As A Homeless Person Screams At Me Through My Windshield
third year jacob porter
It is never an especially wonderful experience when you are sitting securely in your car being screamed at by a homeless person after a particularly embarrassing evening in Chinatown with a fellow intern from your actually-pretty-wonderful internship in Los Angeles (a city that had, at that point, been a mixed bag of not-lived-up-to expectations). But it was in this not-so-wonderful space that I reflected back on the advice that had been given to me by Mom in preparation for the interview for the position that (perhaps inadvertently) brought me directly to the exact moment I was experiencing: Be yourself. And that brought me to another line of thought -
What the fuck does that mean?
There’s a specific category of well-meant, but almost always unhelpful advice, that “be yourself” falls into, and it never quite does what the person “helping” you wants it to do. How is someone supposed to “be themselves” when the majority of us are in the gaggle of years most people designate for finding themselves? “Being yourself” is something that is somehow simultaneously complex and shallow that you’re expected to just get.

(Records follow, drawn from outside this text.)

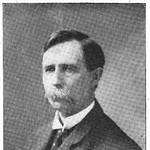 George T. Thomas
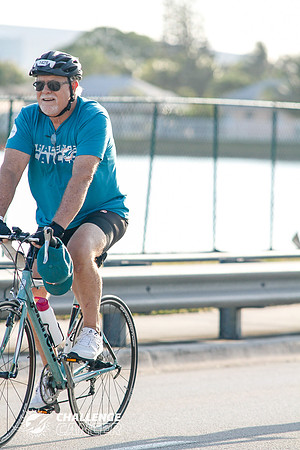 2021 Dolphins Cancer Challenge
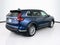 Honda CR-V EX 2024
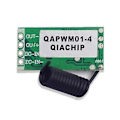 Miniatyrbild 4 av 5: 1 st 3.7-24v Drivmodul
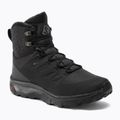 Salomon Outblast TS CSWP dámske turistické topánky black L40795000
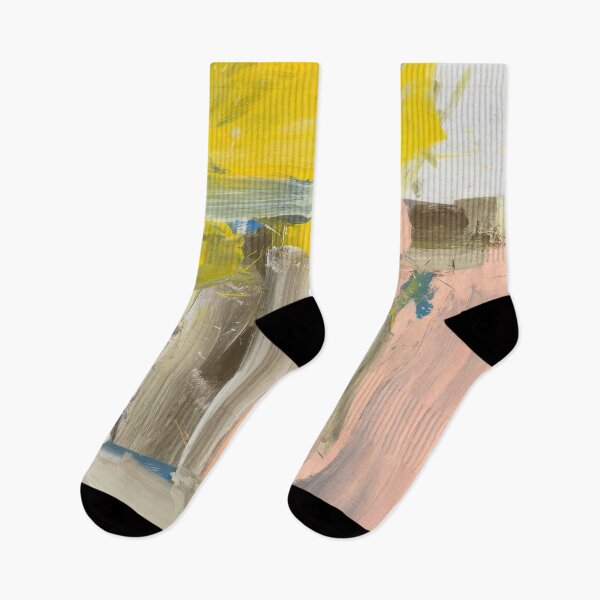 Item preview, Willem de Kooning designed and sold by Ulakosern.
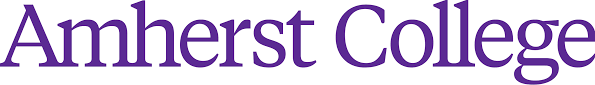 AMHERST COLLEGE.png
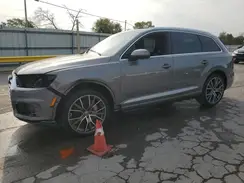 WA1LAAF7XHD022428 2017 AUDI Q7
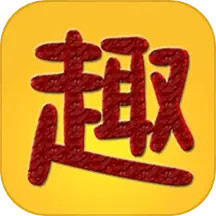 银河优越会app下载Ѱ
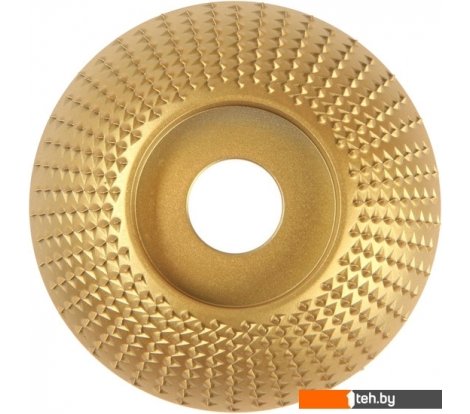  - Шлифовальные чашки Tundra 5470944 - 5470944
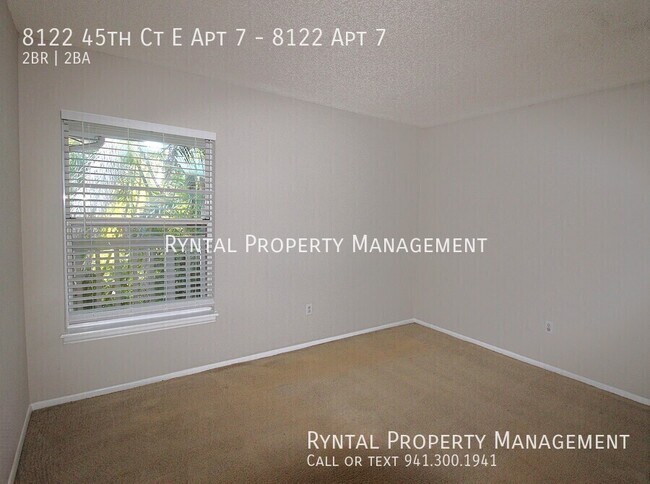 Building Photo - 8122 45th Ct E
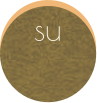 su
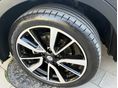 NISSAN QASHQAI 2017/5 - 10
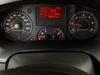 Peugeot Boxer FG PACK 335 L3 H2 BLUE HDI 140 CV  - Foto 2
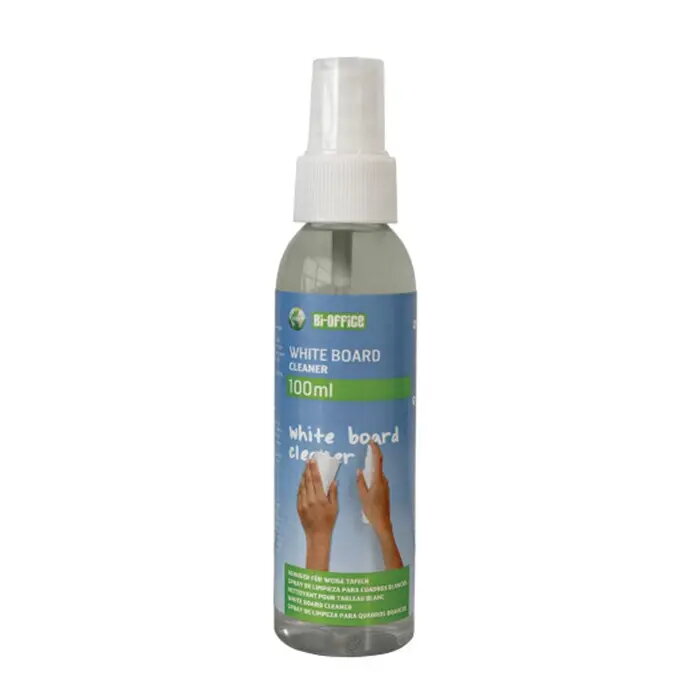 Cleaning Products
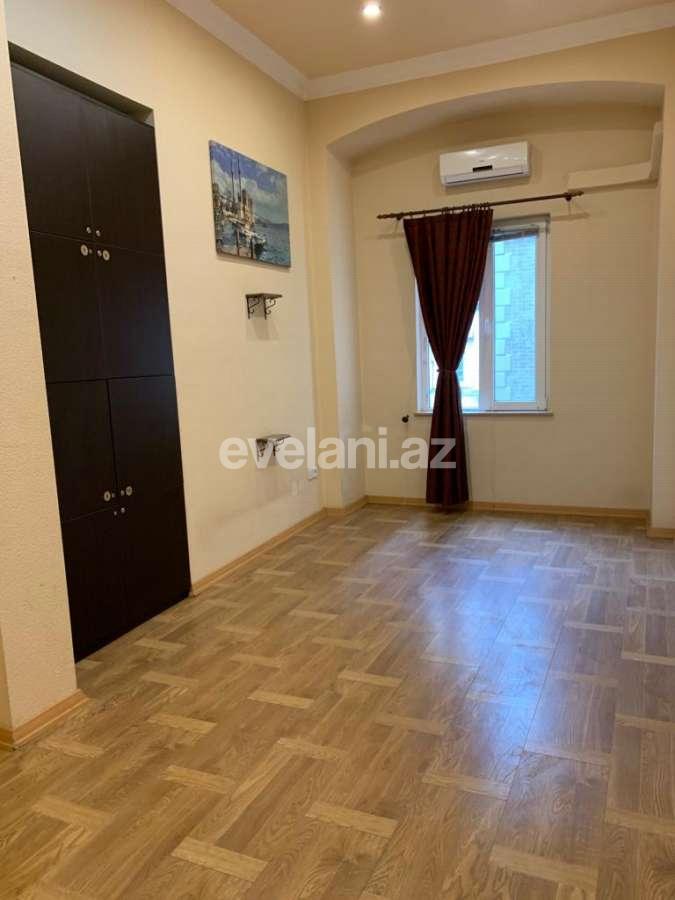 Rent, object, 280 m², Baku, Nasimi r, 28 may m.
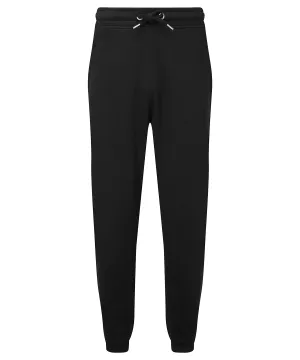 Black - Men's TriDri® classic joggers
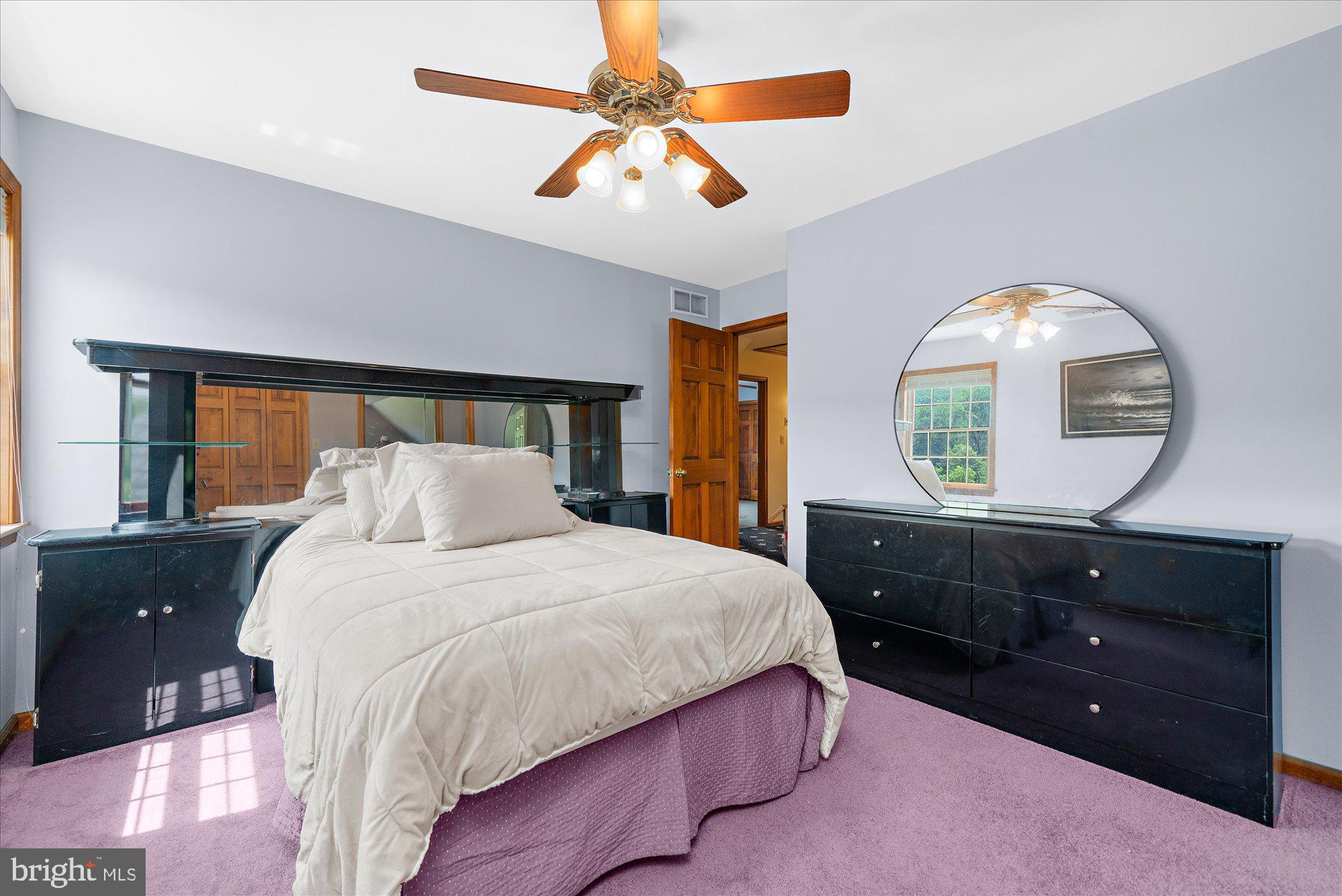 2350 Wassergass Road Hellertown, PA 18055 - Photo 38 of 52 Gallery Image 38
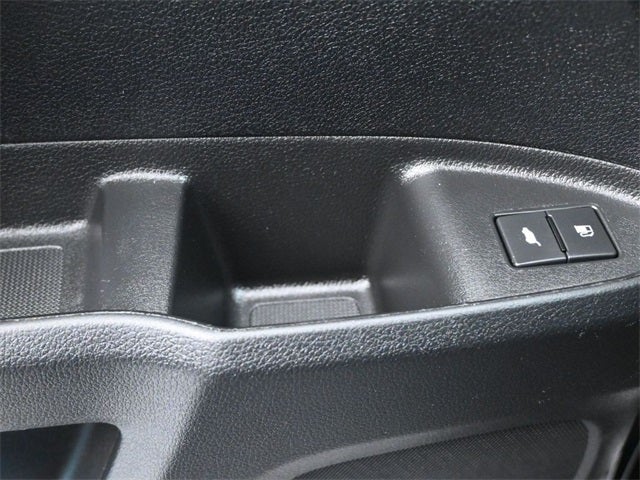 2021 Honda Pilot Touring 7 Passenger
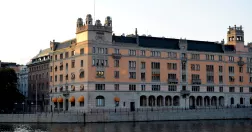 Janerik Henriksson/TT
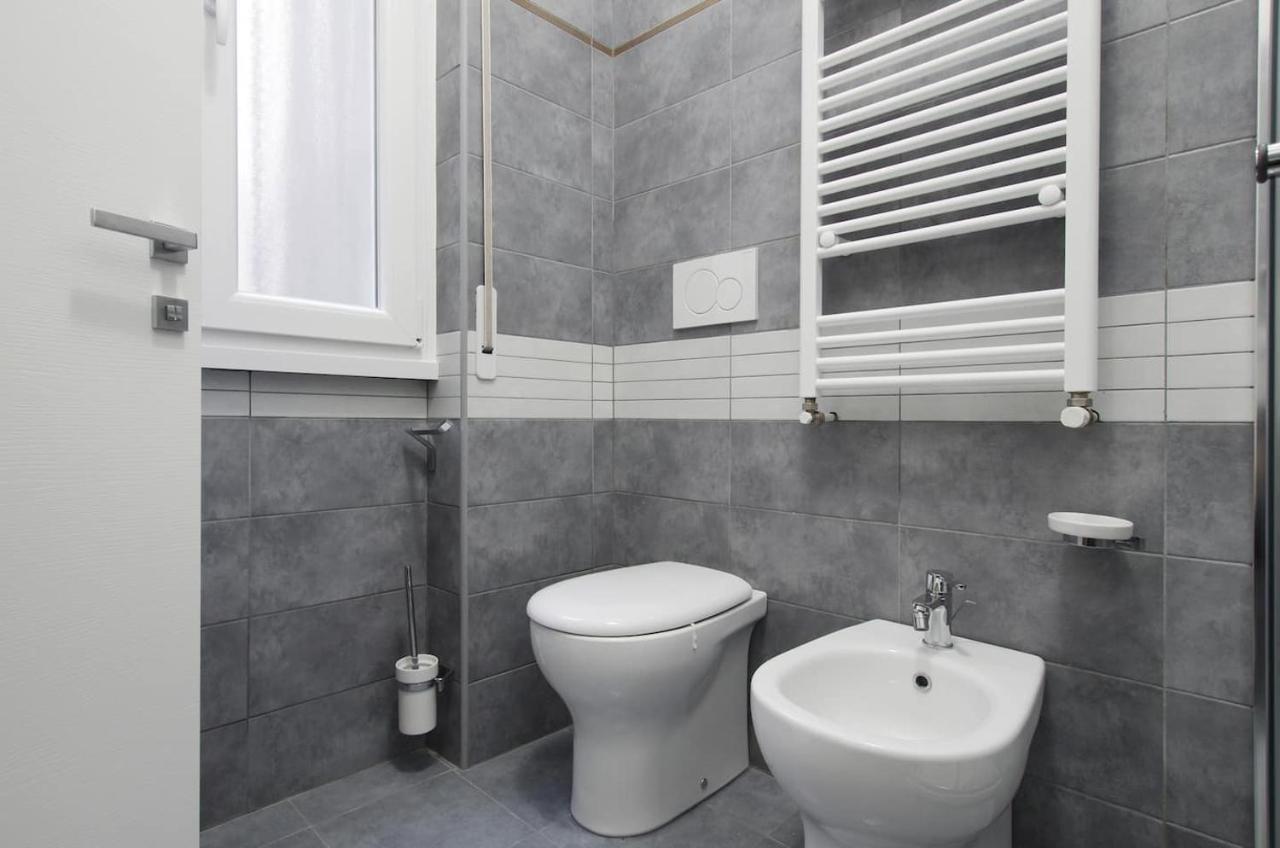Homesuitehome Maison d'hôtes 3*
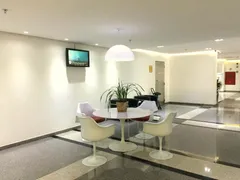 Conjunto Comercial / Sala para alugar, 2184m² no Barra Funda, São Paulo - Foto 32
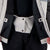 Obermeyer Axel Jacket - Boys' Coal
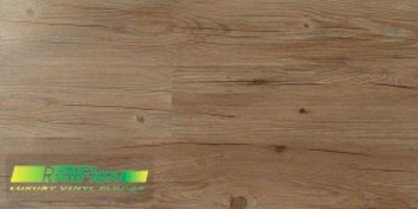 Sàn nhựa hèm khóa vân gỗ tự nhiên Raiflex 422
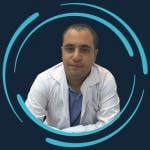 اخصائي العلاج طبيعي و التأهيل اخصائي العلاج طبيعي و التأهيل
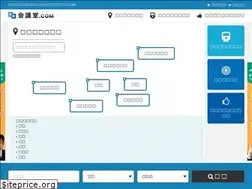 Sites similar to kaigishitu.com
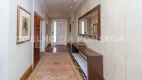 Foto 17 de Casa de Condomínio com 4 Quartos à venda, 515m² em Aldeia da Serra Morada das Estrelas, Barueri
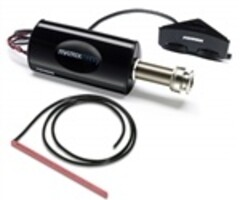 Fishman Transducers Fishman Matrix Infinity VT with narrow format pickup - NEW!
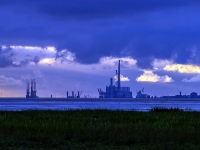 Esbjerg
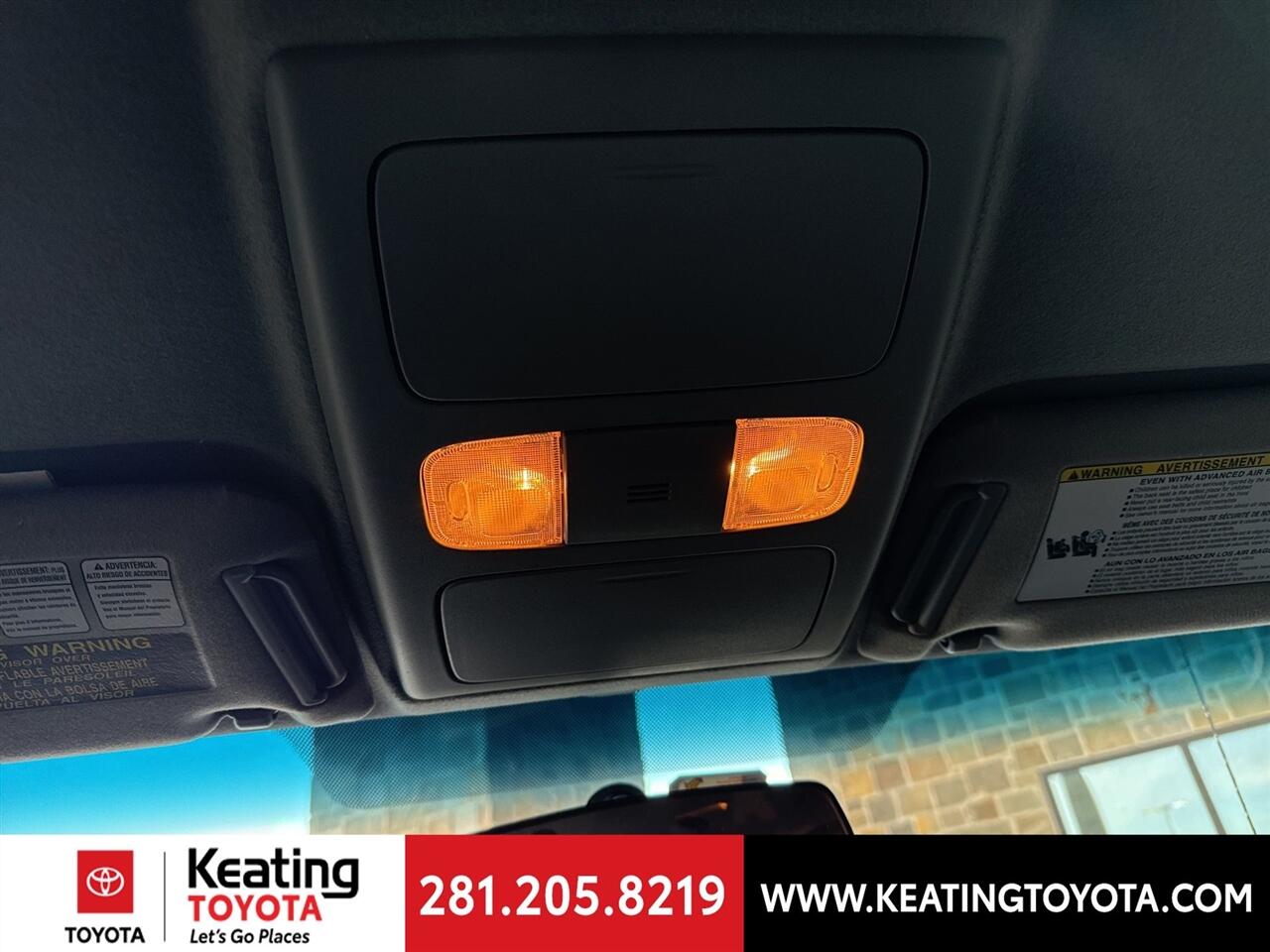 Toyota Tacoma PreRunner Double Cab Long Bed V6 5AT 2WD 2015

This isn’t the type of article where you come away suddenly understanding the nebulous advice that people sometimes give us - and I don’t think any one piece of writing could do that. Furthermore, I don’t think that this nebulous advice is borne of a malicious ignorance by any means, and might actually gesture towards something resembling an actual idea. But I do think that sometimes we just talk with good intentions and don’t give thought to what the phrases we hear all the time actually mean. Sometimes our words can only point towards the often-complex feelings and emotions that our minds feel and create. When being told to “be yourself”, I think it’s important to remember that you have an innate sense of who you are, even if you’re still in the process of figuring it out, and that’s all that people are asking you to remember when they say that. Sometimes it’s an innate thing. And sometimes it’s hard to articulate that. At least they aren’t screaming at you through your windshield on a warm summer night in Chinatown. And sometimes even bad situations like those can give you a sense of who you are.
Back to that: I came to realize that it was my own decisions that landed me in my Los Angeles predicament - “Being myself” brought me to where I was in a roundabout way - and, in a moment of solace, I realized what was happening to me was ridiculous in a way that was very on-brand for me. I looked at the homeless person screaming at me, and debated smiling at the ridiculous situation before me, and how it would one day make for nice reflection.
Then I thought about it for two more seconds and realized how bad an idea it’d be, so I whipped the rental Hyundai into reverse and booked it the fuck out of there.